Shrinkonian Exercises.This is a list of the exercises described on The Project Shrink. Exercises for project teams and stakeholders.
They are Shrinkonian Exercises. Storytelling. Play. Maps. If you would like to know more about one or more of the exercises, don’t hesitate to contact me.
This is a multi-media storytelling exercise. The reason why your project exists, is because it has to fulfill a goal, create an end result. In bootstrapping lingo that is The Quest, the pursuit of something worthwhile. The goal of your project or organization is a powerful mechanism for alignment. Everyone is working towards the same result. But first you have to make sure they all have the same understanding of what “done” looks like. That is the purpose of this exercise.
In this exercise we use the power of storytelling to interactively create a cunning plan. Although, now it’s called an Adventure Map. Every project is a journey. It is never a straight line. You have to conquer obstacles, replan, regroup, rethink and change course. Imagine your project as a map through unknown territory in search for The Goal. The map reflects the storyline of the project. The episodes of the project life cycle. The glory days of starting the project. The period in which the project was under attack by vicious stakeholders.
The normal Adventure Map has a focus on events, the Stakeholder Adventure Map does focus on, you’ve guessed it, stakeholders. Stakeholder analysis is a technique to identify and analyze the stakeholders surrounding a project. It provides information on stakeholders and their relationships and expectations. A proper analysis of the stakeholders will help you to construct a project approach suited to the situation and will allow you to negotiate better with the stakeholders.
The trip along the Yellow Brick Road from the Wizard Of Oz is long. Just like your project. With a lot of turns and twists. And mountains that block your view. From where you are standing you cannot see the end. How do you know you’re on the right track. You don’t want to travel a long distance to notice in the end that you went the wrong way. And people tend to get nervous when they have no idea of how far they are. Like stakeholders in a project. In this exercise you align the perception the stakeholders have of your journey.
When you conduct a project within a larger organization (the host organization) you might feel like an explorer at first. Like the famous explorers from the old days, you can follow two strategies on arrival: mix with the locals or directly plant your flag.

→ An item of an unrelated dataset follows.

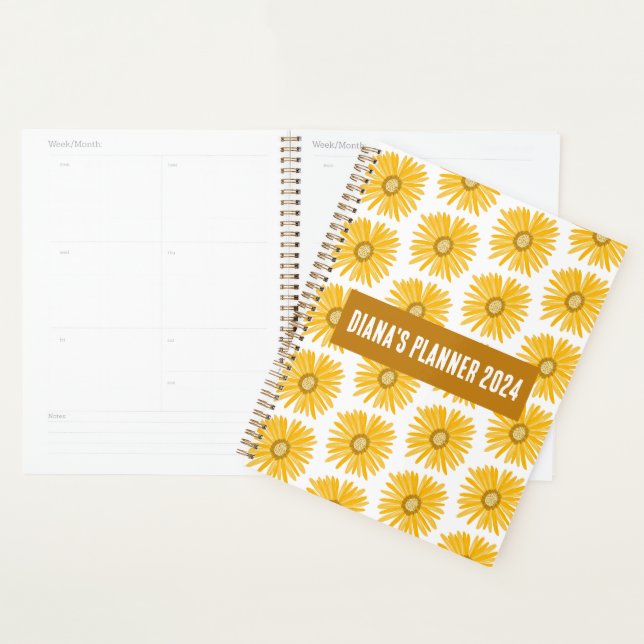 Gelbe Daisy-Muster-Blume blühen florales CUSTOM Planer (Anzeige)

In this exercise you focus on your strategy when arriving for the first time in the organization for an intervention.
In this exercise you create a The Travel Guide To … [your organization]. A travel guide contains The Story of the company. It contains the essence of its culture. Creating The Travel Guide is an awesome exercise for any one planning a change in an organization. It assists storytelling and the discovery of culture. By playing with the elements of the culture from the organization and discovering our own relationship with them, the group culture emerges.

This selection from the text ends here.